Acting at 50
Company 50—the acting class of ’26—entered Purchase this fall, a moment that calls for reflection on the history of this distinctive program.
It’s admittedly abridged, however. To chronicle properly its players and place in the saga of Purchase and the industry at large would fill 10 of these magazines. But here goes…
With its remarkable storied beginnings, the Acting BFA program remains snugly perched among the country’s most notable programs.
Perennially the underdog among its peers, it produces a steady stream of successful graduates found on stages, screens, within the industry, and far beyond its borders.
While it’s universally accepted that there’s no such thing as a typical Purchase actor, the program releases unique characters into the world with critical things in common—they’re resilient, risk-takers, and ready for whatever life presents. And the ethos, the work ethic, and the dedication to craft have been a throughline for its 50 years.
The Backstory
The establishment of the Conservatory of Theatre Arts seems almost fantastical, looking back.
Charged with establishing the college from scratch, founding president Abbott Kaplan invited a colleague, the distinguished theatre artist and advocate for arts education Norris Houghton, to assume the role of the first dean of the Conservatory of Theatre Arts and Film. Houghton agreed and served as dean until 1975.
Kaplan’s mission to create an innovative and experimental curriculum would rely on the master/apprentice model of instruction, where faculty would be pulled from the ranks of working professional artists.
Houghton enlisted as cofounders Joseph Anthony and George Morrison. Anthony, a renowned playwright, actor, and director, would become the repertory director and a professor; Morrison, a respected director and acting instructor known for mentoring “actor’s actors,” would teach in the program for 18 years.
That approach continued through subsequent deans, including director, actor, and writer Joseph Stockdale (1975–1979), playwright Howard Stein (1979–1983), and underground theatre director Larry Kornfeld (1983–1987). Israel Hicks came to Purchase as a visiting professor in 1984, became chair of the acting program a year later, and replaced Kornfeld as dean in 1988, a tenure that would last until 2001.
An active director himself, Hicks understood that working was good for teaching. “I think you help students more if you take jobs in your field,” Mr. Hicks said. “If you don’t do that, then you’re just talking theory,” he told The New York Times when he became dean.
Houghton, Anthony, and Morrison began the practice of numbering each class as a distinct repertory company. Hicks dropped the nomenclature, but Jack Tamburri, current director of the Conservatory of Theatre Arts, brought the tradition back.
State School Vibe
The lofty plans of the 60s gave way to the financial realities of the 70s.

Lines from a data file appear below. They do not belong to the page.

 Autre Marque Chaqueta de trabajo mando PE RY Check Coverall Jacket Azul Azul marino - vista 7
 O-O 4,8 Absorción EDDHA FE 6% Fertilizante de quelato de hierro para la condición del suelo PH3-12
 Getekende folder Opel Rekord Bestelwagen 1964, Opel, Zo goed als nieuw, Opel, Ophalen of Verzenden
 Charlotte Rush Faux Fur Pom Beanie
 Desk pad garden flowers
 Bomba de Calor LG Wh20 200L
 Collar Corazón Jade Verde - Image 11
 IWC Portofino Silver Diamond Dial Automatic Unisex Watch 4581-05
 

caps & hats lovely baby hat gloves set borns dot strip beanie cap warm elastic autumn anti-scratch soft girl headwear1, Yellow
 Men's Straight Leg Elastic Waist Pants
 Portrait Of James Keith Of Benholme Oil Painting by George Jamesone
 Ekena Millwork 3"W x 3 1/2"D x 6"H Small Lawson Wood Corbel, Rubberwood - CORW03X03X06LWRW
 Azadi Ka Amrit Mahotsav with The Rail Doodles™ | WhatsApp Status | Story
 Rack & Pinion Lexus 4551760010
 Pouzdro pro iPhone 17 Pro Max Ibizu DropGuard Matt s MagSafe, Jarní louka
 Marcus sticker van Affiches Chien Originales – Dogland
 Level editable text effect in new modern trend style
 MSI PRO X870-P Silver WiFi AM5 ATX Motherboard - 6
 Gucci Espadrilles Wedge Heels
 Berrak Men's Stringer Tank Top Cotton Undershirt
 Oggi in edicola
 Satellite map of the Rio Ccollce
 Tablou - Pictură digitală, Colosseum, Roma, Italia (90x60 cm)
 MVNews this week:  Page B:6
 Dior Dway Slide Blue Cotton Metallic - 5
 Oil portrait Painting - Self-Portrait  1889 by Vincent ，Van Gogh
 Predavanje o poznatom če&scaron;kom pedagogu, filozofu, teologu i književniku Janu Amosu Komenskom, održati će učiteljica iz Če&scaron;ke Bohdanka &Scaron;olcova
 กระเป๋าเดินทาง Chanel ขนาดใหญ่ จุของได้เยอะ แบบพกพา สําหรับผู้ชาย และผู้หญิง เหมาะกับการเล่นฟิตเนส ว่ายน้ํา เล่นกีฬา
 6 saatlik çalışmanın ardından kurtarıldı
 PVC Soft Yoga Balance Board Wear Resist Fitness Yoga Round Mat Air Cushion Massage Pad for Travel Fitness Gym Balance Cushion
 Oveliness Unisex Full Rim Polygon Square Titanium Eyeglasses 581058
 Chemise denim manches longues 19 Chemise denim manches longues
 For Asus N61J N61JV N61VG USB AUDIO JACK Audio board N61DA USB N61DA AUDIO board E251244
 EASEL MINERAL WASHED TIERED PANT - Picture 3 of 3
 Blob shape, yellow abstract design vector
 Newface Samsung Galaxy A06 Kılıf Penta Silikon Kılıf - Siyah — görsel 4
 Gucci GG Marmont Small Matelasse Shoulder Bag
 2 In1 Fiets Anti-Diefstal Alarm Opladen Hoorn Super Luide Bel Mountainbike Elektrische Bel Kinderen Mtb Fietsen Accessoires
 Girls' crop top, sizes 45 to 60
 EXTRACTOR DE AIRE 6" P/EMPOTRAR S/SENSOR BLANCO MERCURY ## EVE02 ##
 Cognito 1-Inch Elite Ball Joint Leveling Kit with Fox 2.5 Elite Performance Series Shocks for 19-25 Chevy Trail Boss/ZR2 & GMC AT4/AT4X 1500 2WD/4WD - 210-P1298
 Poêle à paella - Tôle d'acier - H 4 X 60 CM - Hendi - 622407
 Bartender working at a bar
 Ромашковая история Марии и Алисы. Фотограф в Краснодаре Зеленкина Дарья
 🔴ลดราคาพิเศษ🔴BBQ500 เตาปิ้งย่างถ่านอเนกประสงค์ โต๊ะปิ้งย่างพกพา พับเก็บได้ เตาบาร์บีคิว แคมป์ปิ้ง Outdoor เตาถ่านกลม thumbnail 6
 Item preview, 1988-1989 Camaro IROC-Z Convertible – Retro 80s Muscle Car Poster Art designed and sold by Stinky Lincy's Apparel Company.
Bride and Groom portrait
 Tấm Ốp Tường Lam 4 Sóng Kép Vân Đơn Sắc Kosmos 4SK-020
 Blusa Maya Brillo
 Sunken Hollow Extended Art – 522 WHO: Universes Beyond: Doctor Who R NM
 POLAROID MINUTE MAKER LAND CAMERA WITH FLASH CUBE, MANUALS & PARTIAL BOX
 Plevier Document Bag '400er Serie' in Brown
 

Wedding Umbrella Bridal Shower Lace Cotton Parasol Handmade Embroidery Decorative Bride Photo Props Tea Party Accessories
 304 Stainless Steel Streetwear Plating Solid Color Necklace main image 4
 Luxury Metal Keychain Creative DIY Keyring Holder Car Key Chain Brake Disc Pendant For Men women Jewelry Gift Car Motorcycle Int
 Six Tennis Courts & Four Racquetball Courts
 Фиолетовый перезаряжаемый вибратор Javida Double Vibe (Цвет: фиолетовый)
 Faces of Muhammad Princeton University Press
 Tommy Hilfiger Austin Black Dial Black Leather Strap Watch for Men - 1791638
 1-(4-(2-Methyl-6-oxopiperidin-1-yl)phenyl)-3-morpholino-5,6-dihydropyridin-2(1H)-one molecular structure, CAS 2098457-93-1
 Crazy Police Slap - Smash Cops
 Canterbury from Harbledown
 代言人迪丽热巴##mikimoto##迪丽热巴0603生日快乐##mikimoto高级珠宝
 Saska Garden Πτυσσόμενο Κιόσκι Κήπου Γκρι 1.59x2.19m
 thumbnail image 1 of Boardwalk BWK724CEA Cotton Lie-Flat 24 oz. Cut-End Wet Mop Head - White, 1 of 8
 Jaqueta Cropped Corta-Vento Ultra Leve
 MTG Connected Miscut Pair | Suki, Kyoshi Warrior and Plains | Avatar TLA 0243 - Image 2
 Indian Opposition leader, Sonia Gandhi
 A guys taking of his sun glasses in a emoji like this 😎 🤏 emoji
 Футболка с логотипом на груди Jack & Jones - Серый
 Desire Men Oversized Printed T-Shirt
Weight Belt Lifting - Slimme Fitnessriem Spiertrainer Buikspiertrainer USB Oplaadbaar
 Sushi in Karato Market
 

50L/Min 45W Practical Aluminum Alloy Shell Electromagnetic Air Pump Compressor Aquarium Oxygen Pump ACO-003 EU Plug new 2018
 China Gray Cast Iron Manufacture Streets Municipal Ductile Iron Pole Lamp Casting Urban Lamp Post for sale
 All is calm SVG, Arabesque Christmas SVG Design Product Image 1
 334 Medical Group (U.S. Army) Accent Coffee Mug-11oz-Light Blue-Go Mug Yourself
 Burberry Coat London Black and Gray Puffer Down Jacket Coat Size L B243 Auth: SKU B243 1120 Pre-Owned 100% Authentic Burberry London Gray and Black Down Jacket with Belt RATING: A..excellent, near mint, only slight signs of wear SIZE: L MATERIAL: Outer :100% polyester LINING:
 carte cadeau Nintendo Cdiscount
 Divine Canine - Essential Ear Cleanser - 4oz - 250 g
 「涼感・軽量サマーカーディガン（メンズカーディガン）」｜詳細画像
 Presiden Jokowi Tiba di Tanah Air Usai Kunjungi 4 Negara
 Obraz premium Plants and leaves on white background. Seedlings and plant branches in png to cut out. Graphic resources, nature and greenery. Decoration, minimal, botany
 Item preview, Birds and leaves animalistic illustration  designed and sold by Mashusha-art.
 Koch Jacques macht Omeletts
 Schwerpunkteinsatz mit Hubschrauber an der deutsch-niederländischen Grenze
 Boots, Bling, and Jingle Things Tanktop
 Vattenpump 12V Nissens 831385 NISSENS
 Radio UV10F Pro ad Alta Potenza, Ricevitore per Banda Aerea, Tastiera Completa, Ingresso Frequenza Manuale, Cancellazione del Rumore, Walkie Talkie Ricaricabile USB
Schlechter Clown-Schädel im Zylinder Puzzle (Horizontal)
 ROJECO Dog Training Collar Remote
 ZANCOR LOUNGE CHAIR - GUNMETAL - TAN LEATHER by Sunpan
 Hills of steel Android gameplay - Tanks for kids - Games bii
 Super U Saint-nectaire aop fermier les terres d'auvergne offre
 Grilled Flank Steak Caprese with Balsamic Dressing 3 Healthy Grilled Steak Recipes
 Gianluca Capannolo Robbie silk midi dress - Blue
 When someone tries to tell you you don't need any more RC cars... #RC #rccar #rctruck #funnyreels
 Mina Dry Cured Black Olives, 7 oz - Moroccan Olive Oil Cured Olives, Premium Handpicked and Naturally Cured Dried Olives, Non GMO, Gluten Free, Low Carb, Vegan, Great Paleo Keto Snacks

Yet Purchase persevered despite the challenges. The atmosphere lent itself to developing and attracting scrappy students across the college, especially in the arts, where they often had to make do with what they had. An impressive cohort of actors attended during those formative years, including Jodi Long’76, Edie Falco ’86, Stanley Tucci ’82, Parker Posey ’91, Ving Rhames, Steven Weber ’83, Wesley Snipes ’84,and Bob Clohessy ’81. And the very first classes used a garage as a performance space until the theatres were built.
Company 1 member Jay O. Sanders ’76, who’s reportedly the very first actor admitted to Purchase, looks back fondly at those years. His philosophy is firmly rooted in the belief that good theatre is meaningful communication, not the trappings surrounding it.
“You’re not coming to impress someone. You’re coming to join with them. And it’s the coming together that changes people’s hearts, changes their lives,” Sanders explains. Those lessons were internalized as Company 1 created meaningful theatre experiences within the unvarnished spaces of the garage, their makeshift home.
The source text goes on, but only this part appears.